For LPR system speed and accuracy both are very important factors. In some of the literatures accuracy level is good but speed of the system is less. Like fuzzy logic and neural network approach the accuracy level is good but they are very time consuming and complex. In our work we have maintained a balance between time complexity and accuracy. We have used edge detection method and vertical and horizontal processing for number plate localization. The edge detection is done with ‘Roberts’ operator. The connected component analysis (CCA) with some proper thresholding is used for segmentation. For character recognition we have used template matching by correlation function and to enhance the level of matching we have used enhanced database.
My Approach for Project
Input image from webcam/camera.
Convert image into binary.
Detect number plate area.
Segmentation.
Number identification.
Display on GUI.
My Approach for Number Plate Extraction
Take input from webcam/camera.
Convert it into gray-scale image.
Calculate threshold value.
Edge detection using Roberts’s operator.
Calculate horizontal projection.
Crop image horizontally by comparing with 1.3 times of threshold value.

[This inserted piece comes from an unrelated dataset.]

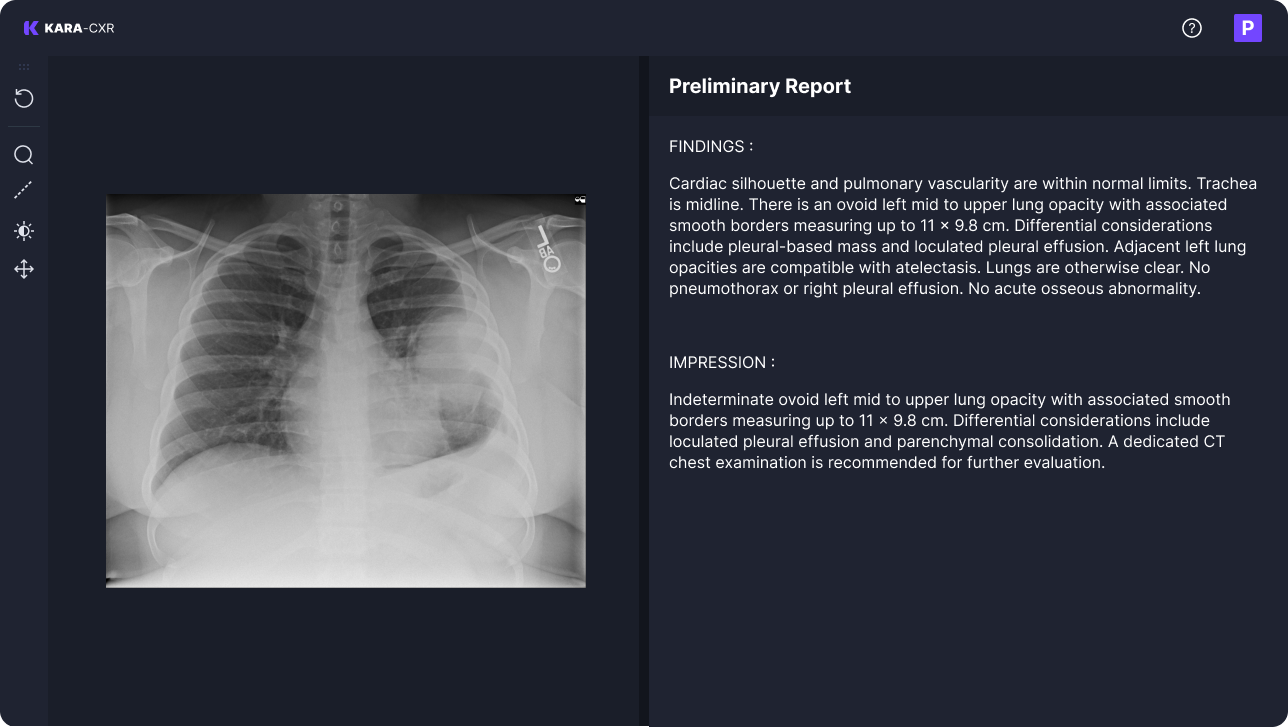 Example Report Generator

Calculate vertical projection.
Crop image vertically.
My Approach for Segmentation
Convert extracted image into binary image.
Find in-compliment image of extracted binary image.
Remove connected component whose pixel value is less than 2% of area.
Calculate number of connected component.
For each connected component find the row and column value
Calculate dynamic thresholding (DM).
Remove unwanted characters from segmented characters by applying certain conditions
Store segmented characters coordinates.
My Approach for Recognition
Initialize templates.
For each segmented character repeat step 2 to 7
Convert segmented characters to data base image size i.e. 24x42.
Find correlation coefficient value of segmented character with each data base image and store that value in array.
Find out the index position of maximum value in the array.
Find the letter which is link by that index value
Store that letter in a array.
Check out OpenALPR (http://www.openalpr.com). It recognizes plate regions using OpenCV and the LBP/Haar algorithm. This allows it to recognize both light on dark and dark on light plate regions. After it recognizes the general region, it uses OpenCV to localize based on strong lines/edges in the image.
It's written in C++, so hopefully you can use it. If not, at least it's a reference.